§ PROBLEM STATEMENT:
The whole listing is to be restated word for word with no images.

§ DATA BLOCK:
◆ ◆ ◆ ◆ ◆ ◆ ◆

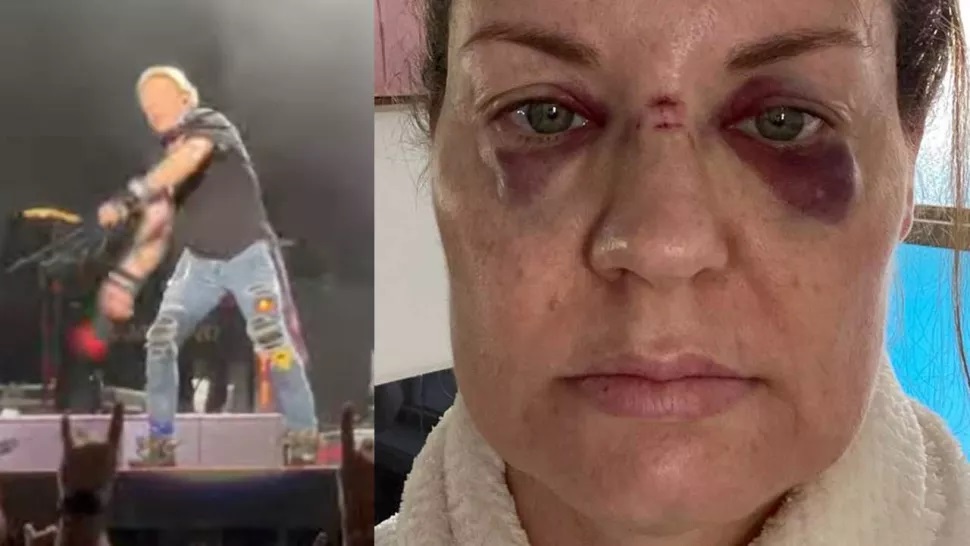 Γυναίκα τραυματίστηκε σοβαρά από το μικρόφωνο που πέταξε ο Axl Rose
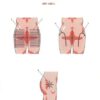 Set 2. Protocol of Connective Tissue Massage - Image 10
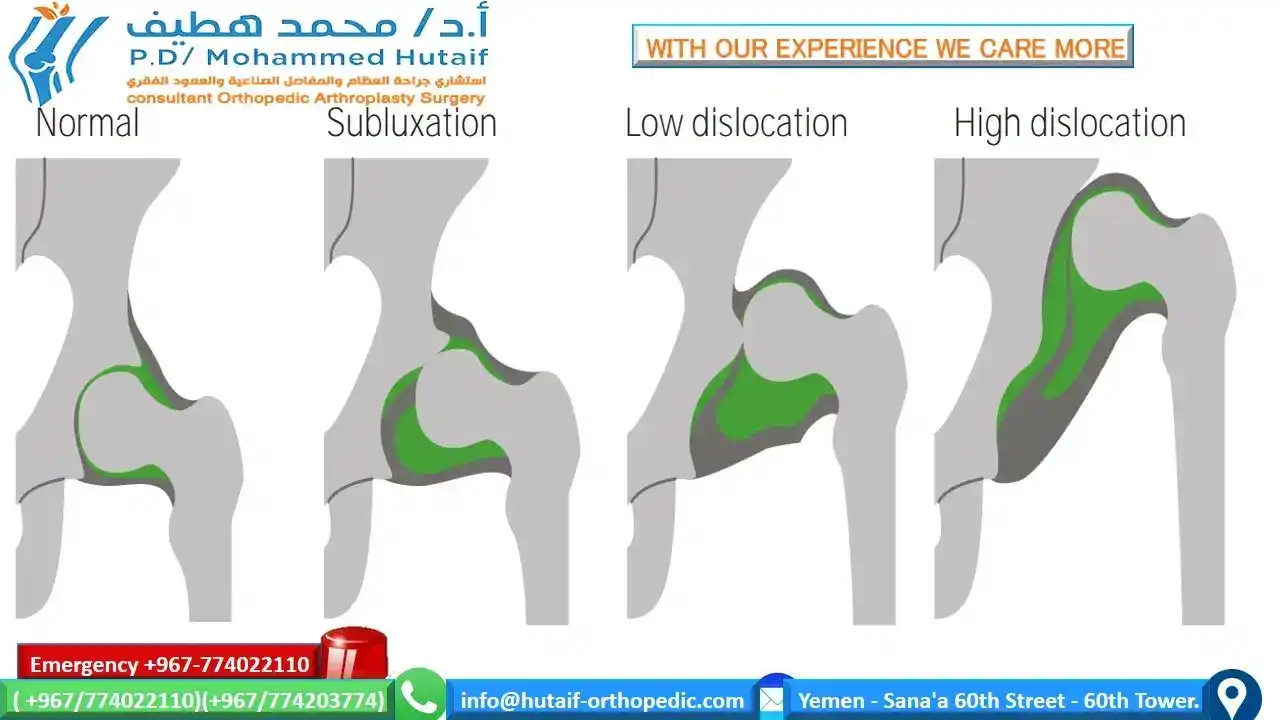  What is the treatment for developmental hip dysplasia? What are the signs of hip dysplasia? Can hip dysplasia be treated? How serious is hip dysplasia in babies?  Developmental dysplasia of the hip بالعربي Developmental dysplasia of the hip radiology Developmental Dysplasia of the hip Physiopedia DDH treatment DDH test DDH surgery DDH wikipedia DDH types  What causes DDH? What is the difference between hip dysplasia and hip dislocation? How is DDH treated? What are the complications of DDH?What is the treatment for developmental hip dysplasia? What are the signs of hip dysplasia? Can hip dysplasia be treated? How serious is hip dysplasia in babies?  Developmental dysplasia of the hip بالعربي Developmental dysplasia of the hip radiology Developmental Dysplasia of the hip Physiopedia DDH treatment DDH test DDH surgery DDH wikipedia DDH types   Developmental dysplasia of the hip بالعربي developmental dysplasia of the hip (ddh) DDH x ray DDH types DDH examination DDH treatment DDH orthobullets DDH wikipedia  DDH wikipedia DDH treatment DDH Radiology DDH diagnosis DDH orthobullets Developmental dysplasia of the hip DDH types Developmental dysplasia of the hip بالعربي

◆ ◆ ◆ ◆ ◆ ◆ ◆

§ THE ANSWER:
 Γυναίκα τραυματίστηκε σοβαρά από το μικρόφωνο που πέταξε ο Axl Rose
 Set 2. Protocol of Connective Tissue Massage - Image 10
  What is the treatment for developmental hip dysplasia? What are the signs of hip dysplasia? Can hip dysplasia be treated? How serious is hip dysplasia in babies?  Developmental dysplasia of the hip بالعربي Developmental dysplasia of the hip radiology Developmental Dysplasia of the hip Physiopedia DDH treatment DDH test DDH surgery DDH wikipedia DDH types  What causes DDH? What is the difference between hip dysplasia and hip dislocation? How is DDH treated? What are the complications of DDH?What is the treatment for developmental hip dysplasia? What are the signs of hip dysplasia? Can hip dysplasia be treated? How serious is hip dysplasia in babies?  Developmental dysplasia of the hip بالعربي Developmental dysplasia of the hip radiology Developmental Dysplasia of the hip Physiopedia DDH treatment DDH test DDH surgery DDH wikipedia DDH types   Developmental dysplasia of the hip بالعربي developmental dysplasia of the hip (ddh) DDH x ray DDH types DDH examination DDH treatment DDH orthobullets DDH wikipedia  DDH wikipedia DDH treatment DDH Radiology DDH diagnosis DDH orthobullets Developmental dysplasia of the hip DDH types Developmental dysplasia of the hip بالعربي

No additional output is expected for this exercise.